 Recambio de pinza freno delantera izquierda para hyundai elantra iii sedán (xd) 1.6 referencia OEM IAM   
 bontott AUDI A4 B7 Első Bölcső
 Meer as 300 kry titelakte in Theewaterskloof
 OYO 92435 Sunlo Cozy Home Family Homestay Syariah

------------------------------------------------------------

▸ What the task requires
Starting with the line that contains "bontott AUDI A4 B7 Első Bölcső", restate every line up to and including the last one above, exactly.

▸ Exercise solution
 bontott AUDI A4 B7 Első Bölcső
 Meer as 300 kry titelakte in Theewaterskloof
 OYO 92435 Sunlo Cozy Home Family Homestay Syariah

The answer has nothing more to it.